Up to and including the line containing "used 2024 Ford", set down each line of the entries below exactly, starting from the first, and leave out the rest.

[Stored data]
==================================================

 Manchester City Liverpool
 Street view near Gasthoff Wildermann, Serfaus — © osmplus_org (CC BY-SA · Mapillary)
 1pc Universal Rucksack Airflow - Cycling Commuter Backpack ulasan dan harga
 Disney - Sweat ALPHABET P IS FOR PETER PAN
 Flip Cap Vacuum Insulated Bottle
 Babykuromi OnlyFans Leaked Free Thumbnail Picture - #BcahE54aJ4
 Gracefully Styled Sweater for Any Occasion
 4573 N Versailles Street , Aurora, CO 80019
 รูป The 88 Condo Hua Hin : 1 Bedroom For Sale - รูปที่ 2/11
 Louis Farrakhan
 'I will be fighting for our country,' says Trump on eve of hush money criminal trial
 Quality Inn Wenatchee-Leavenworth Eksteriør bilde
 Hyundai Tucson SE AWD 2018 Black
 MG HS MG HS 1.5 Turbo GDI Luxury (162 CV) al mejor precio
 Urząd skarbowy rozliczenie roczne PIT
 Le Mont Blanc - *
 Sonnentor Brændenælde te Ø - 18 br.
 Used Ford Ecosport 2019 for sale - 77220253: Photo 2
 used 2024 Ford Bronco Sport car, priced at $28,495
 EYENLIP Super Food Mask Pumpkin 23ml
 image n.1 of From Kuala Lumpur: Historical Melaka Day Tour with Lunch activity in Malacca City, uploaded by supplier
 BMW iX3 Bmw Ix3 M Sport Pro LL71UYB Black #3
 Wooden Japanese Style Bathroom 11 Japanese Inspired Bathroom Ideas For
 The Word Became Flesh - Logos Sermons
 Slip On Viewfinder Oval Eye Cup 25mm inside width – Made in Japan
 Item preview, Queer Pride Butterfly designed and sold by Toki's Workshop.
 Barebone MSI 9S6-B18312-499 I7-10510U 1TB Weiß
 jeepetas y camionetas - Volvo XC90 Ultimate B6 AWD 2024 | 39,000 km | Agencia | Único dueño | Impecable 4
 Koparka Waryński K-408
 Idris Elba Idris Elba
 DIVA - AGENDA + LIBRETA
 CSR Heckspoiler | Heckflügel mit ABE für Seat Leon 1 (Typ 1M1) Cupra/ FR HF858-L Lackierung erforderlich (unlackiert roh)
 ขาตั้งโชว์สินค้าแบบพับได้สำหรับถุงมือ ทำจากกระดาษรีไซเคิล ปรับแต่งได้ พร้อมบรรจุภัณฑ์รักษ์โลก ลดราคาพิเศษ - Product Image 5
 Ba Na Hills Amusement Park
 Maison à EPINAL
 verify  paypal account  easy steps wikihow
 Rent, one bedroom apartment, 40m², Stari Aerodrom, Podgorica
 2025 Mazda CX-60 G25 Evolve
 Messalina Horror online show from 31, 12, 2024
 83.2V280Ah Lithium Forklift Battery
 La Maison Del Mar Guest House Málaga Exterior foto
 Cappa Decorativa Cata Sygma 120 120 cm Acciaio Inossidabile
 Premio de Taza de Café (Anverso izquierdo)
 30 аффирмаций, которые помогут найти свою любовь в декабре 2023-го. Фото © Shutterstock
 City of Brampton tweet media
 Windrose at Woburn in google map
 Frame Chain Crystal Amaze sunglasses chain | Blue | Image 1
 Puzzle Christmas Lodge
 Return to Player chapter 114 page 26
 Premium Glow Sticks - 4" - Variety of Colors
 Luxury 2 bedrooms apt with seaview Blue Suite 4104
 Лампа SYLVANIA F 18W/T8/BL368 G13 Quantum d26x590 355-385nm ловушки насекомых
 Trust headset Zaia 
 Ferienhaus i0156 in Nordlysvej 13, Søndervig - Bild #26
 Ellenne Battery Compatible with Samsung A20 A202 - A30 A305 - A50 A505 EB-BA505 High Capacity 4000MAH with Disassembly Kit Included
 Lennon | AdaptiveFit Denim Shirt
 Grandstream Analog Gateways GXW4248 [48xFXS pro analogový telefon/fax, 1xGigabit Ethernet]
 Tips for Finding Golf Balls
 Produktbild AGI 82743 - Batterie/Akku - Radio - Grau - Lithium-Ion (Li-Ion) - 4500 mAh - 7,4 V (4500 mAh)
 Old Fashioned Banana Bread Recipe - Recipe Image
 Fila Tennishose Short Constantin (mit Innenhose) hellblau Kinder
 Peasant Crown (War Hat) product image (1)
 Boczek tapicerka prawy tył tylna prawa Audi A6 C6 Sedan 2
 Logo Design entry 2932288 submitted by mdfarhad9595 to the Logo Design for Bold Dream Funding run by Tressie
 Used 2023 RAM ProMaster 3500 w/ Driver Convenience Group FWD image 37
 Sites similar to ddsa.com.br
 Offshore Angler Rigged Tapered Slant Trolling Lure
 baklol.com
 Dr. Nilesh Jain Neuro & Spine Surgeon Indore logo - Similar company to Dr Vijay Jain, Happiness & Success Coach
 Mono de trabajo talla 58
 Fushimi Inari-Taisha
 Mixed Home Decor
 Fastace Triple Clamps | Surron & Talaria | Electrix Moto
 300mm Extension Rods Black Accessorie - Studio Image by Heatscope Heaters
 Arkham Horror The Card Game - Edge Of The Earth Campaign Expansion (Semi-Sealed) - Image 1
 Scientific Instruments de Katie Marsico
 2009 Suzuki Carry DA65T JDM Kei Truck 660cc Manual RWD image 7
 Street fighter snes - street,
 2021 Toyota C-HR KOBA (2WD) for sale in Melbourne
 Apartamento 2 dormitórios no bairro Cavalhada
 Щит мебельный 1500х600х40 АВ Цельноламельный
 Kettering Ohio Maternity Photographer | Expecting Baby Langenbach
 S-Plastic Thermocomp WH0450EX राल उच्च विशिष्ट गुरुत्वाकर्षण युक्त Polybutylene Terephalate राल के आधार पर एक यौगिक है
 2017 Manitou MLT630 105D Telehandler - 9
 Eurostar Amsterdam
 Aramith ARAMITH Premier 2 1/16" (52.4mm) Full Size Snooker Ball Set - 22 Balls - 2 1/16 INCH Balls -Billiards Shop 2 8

==================================================

SOLVED EXERCISE:
 Manchester City Liverpool
 Street view near Gasthoff Wildermann, Serfaus — © osmplus_org (CC BY-SA · Mapillary)
 1pc Universal Rucksack Airflow - Cycling Commuter Backpack ulasan dan harga
 Disney - Sweat ALPHABET P IS FOR PETER PAN
 Flip Cap Vacuum Insulated Bottle
 Babykuromi OnlyFans Leaked Free Thumbnail Picture - #BcahE54aJ4
 Gracefully Styled Sweater for Any Occasion
 4573 N Versailles Street , Aurora, CO 80019
 รูป The 88 Condo Hua Hin : 1 Bedroom For Sale - รูปที่ 2/11
 Louis Farrakhan
 'I will be fighting for our country,' says Trump on eve of hush money criminal trial
 Quality Inn Wenatchee-Leavenworth Eksteriør bilde
 Hyundai Tucson SE AWD 2018 Black
 MG HS MG HS 1.5 Turbo GDI Luxury (162 CV) al mejor precio
 Urząd skarbowy rozliczenie roczne PIT
 Le Mont Blanc - *
 Sonnentor Brændenælde te Ø - 18 br.
 Used Ford Ecosport 2019 for sale - 77220253: Photo 2
 used 2024 Ford Bronco Sport car, priced at $28,495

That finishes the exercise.